> Scraped caption text data:
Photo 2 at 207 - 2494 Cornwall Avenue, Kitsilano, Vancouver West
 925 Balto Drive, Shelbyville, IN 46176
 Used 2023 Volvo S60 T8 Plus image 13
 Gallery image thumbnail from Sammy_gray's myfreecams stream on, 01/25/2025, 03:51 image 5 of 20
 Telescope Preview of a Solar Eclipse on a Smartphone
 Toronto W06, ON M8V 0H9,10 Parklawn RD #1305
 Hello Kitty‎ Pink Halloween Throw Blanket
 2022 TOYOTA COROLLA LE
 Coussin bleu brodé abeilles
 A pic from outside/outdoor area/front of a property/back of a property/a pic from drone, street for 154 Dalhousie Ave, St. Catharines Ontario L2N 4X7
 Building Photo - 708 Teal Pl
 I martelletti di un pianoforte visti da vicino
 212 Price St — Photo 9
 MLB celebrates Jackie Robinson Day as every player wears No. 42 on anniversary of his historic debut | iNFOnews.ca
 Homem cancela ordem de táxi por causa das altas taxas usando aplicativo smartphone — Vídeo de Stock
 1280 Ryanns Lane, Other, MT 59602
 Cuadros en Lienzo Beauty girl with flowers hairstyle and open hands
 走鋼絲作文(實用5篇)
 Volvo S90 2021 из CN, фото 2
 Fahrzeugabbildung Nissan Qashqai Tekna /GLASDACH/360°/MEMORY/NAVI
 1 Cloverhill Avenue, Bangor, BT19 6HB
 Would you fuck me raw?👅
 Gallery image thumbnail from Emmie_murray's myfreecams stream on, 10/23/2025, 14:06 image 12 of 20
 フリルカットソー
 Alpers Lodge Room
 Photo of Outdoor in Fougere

> Exercise brief: Output the data in full, exactly as it stands.

> Answer to this problem:
Photo 2 at 207 - 2494 Cornwall Avenue, Kitsilano, Vancouver West
 925 Balto Drive, Shelbyville, IN 46176
 Used 2023 Volvo S60 T8 Plus image 13
 Gallery image thumbnail from Sammy_gray's myfreecams stream on, 01/25/2025, 03:51 image 5 of 20
 Telescope Preview of a Solar Eclipse on a Smartphone
 Toronto W06, ON M8V 0H9,10 Parklawn RD #1305
 Hello Kitty‎ Pink Halloween Throw Blanket
 2022 TOYOTA COROLLA LE
 Coussin bleu brodé abeilles
 A pic from outside/outdoor area/front of a property/back of a property/a pic from drone, street for 154 Dalhousie Ave, St. Catharines Ontario L2N 4X7
 Building Photo - 708 Teal Pl
 I martelletti di un pianoforte visti da vicino
 212 Price St — Photo 9
 MLB celebrates Jackie Robinson Day as every player wears No. 42 on anniversary of his historic debut | iNFOnews.ca
 Homem cancela ordem de táxi por causa das altas taxas usando aplicativo smartphone — Vídeo de Stock
 1280 Ryanns Lane, Other, MT 59602
 Cuadros en Lienzo Beauty girl with flowers hairstyle and open hands
 走鋼絲作文(實用5篇)
 Volvo S90 2021 из CN, фото 2
 Fahrzeugabbildung Nissan Qashqai Tekna /GLASDACH/360°/MEMORY/NAVI
 1 Cloverhill Avenue, Bangor, BT19 6HB
 Would you fuck me raw?👅
 Gallery image thumbnail from Emmie_murray's myfreecams stream on, 10/23/2025, 14:06 image 12 of 20
 フリルカットソー
 Alpers Lodge Room
 Photo of Outdoor in Fougere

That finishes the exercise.